Tour: Carnegie Mellon Robotics Institute
Researchers in Pitt’s Center for Energy are answering the call for more reliable, efficient and environmentally friendly energy solutions.
Duration: 1 hour
Overview
Carnegie Mellon University’s Robotics Institute is a leader in autonomous mobile robots, computer vision, human-robot interaction, locomotion and real-world applications of robotic technology in mining, agriculture and manufacturing. One of the largest robotics education and research organizations in the world, the institute has an annual research budget of more than $55 million and more than 300 of its faculty, staff and students are working on more than 100 projects.
For this tour, the Robotics Institute has assembled many of its most notable robots and technologies within a large, two-story highbay workspace.
What You’ll See:
- Boss, the SUV that can drive unassisted over city streets. The autonomous vehicle won the $2 million Urban Challenge robot race in 2007 and now supports the university’s research on collision-avoidance systems and self-driving cars.
- Red Rover, a prototype of a four-wheeled lunar rover that will visit the historic site of the Apollo 11 moon landing and broadcast high-definition video back to Earth.
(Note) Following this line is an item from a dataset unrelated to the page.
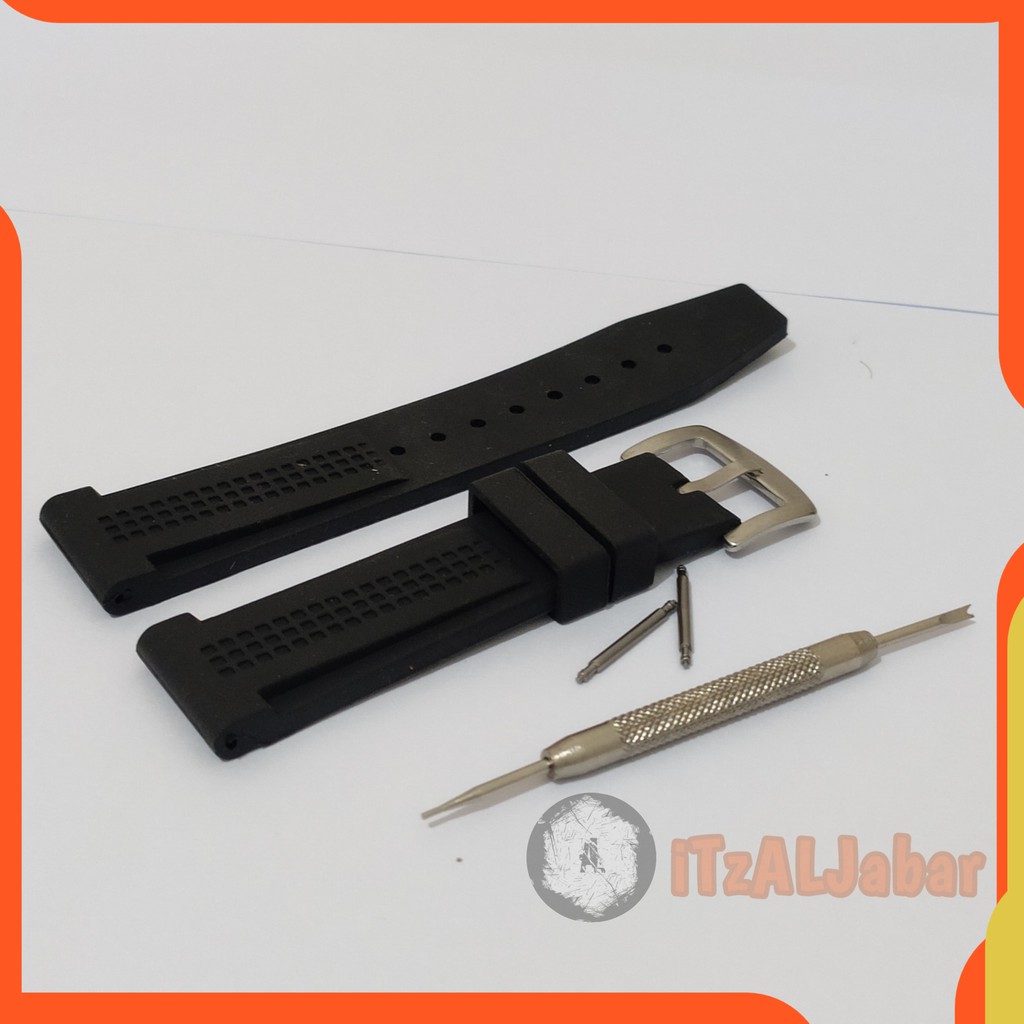 Tali jam tangan Karet rubber strap 22mm Strap Alpha 2022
Leaders of the Tranquility Trek mission seek to win the $20 million Google Lunar X Prize.
- Cave Crawler, a vehicle designed for mapping and search-and-rescue missions in underground mines.
- Scarab, a prototype lunar prospector built for NASA. Scarab tests technologies that will be used to search for water and other resources on the moon that could support lunar exploration.
- Snake-like robots that can climb inside pipes, around poles and through cracks to perform search-and-rescue missions. The same technology is being used to design surgical tools to aid in minimally invasive procedures.
- Snackbot, a semi-humanoid mobile robot that will deliver snacks to campus workers as researchers try to discover how humans and robots can best interact.
- Ballbot, the first robot that moves by balancing atop a sphere the size of a bowling ball. Dynamically stable robots such as Ballbot may be particularly suited for working in offices or homes.